The clinical utility of this technique lies in its ability to predict the risk of patients developing a lateral skull base sCSF leak or encephalocele, using data (CT images) that are already readily available for many patients. There is currently no agreement on screening or management of sCSF leak in patients with IIH or other pathologies associated with elevated intracranial pressure [45]. While reported rates of surgical repair are high, there is room for improvement in identifying patients at high risk of sCSF leak or encephalocele, which could potentially be prevented through targeted interventions, and among patients who undergo surgical repair, identifying patients at risk of surgical failure due to increased intracranial pressure that was not identified prior to repair due to a CSF fistula [46,47,48,49].
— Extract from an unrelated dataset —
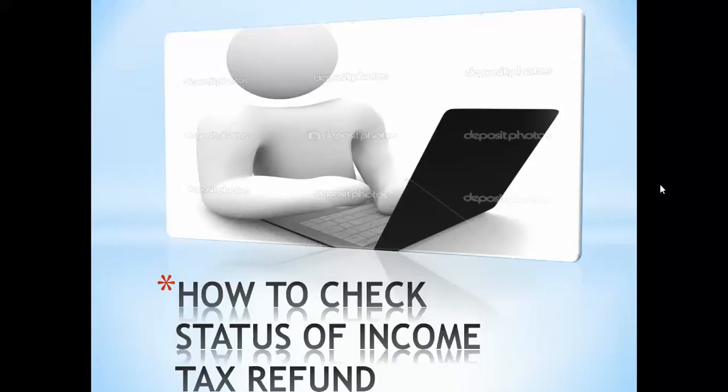Hello everybody, welcome to Learn with Lodhas. In this tutorial, we are going to learn how to check the status of income tax refund.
Prior studies have shown the application of deep learning algorithms for automated detection of intracranial hemorrhage, calvarial fracture, midline shift, and mass effect in patients with head trauma or stroke symptoms using datasets of head CT scans [50,51,52]. A deep learning framework has also been used for differentiating patients with normal cognition, mild cognitive impairment, Alzheimer’s disease (AD), and non-AD dementias using MRI brain imaging together with demographic and clinical data [53]. Similarly, beyond the usefulness of a non-invasive imaging-based diagnostic tool to identify patients at risk of sCSF leak or encephalocele, the methods used in the present study could be used together with other demographic and clinical variables as part of a larger model to stratify and direct patients to undergo further diagnostic workup with lumbar puncture to confirm IIH or to suggest treatment with weight loss interventions, acetazolamide, or ventriculoperitoneal shunting to reduce intracranial pressure [54, 55].
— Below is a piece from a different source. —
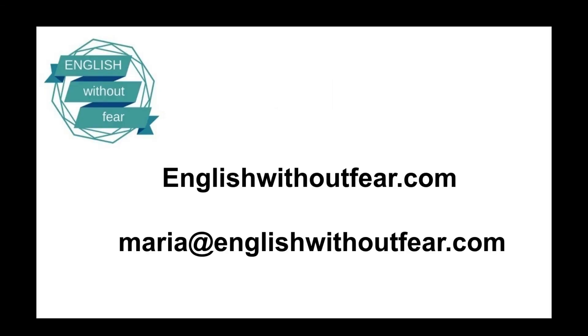Thanks for watching. For questions or comments, here's my email. I'll see you next time.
The present study has several limitations. First, alignment of non-head CT studies (e.g., CT sinus, CT temporal bone) could be somewhat inconsistent if all landmarks were not present for alignment in the axial plane, which could slightly alter the area measurement for that study. Registration to an aligned template was meant to mitigate that inconsistency. Also, the precise areas reported in this study are specific to the training labels and model utilized for prediction. Labeling was done with a -3000–350 HU editable intensity range. As the interface between bone and soft tissue is somewhat indistinct, a higher range would have led to larger FO areas. Precise reproduction of study results would need to adhere to the above editable intensity range for labeling. Finally, generalizability of the findings may be reduced since the training dataset was derived from a single CT scanner vendor (GE), though from a variety of scanner models. Wider use of the prediction model would likely require additional training data from more vendors.

Conclusion

An iterative prediction technique allows for accurate and full resolution 3D segmentation of medical images. We described the use of an automated method of measuring the FO and the application of this technique for predicting patients with sCSF leak or encephalocele. Future applications combining these measurements with other clinically relevant data may further increase the predictive power and clinical utility.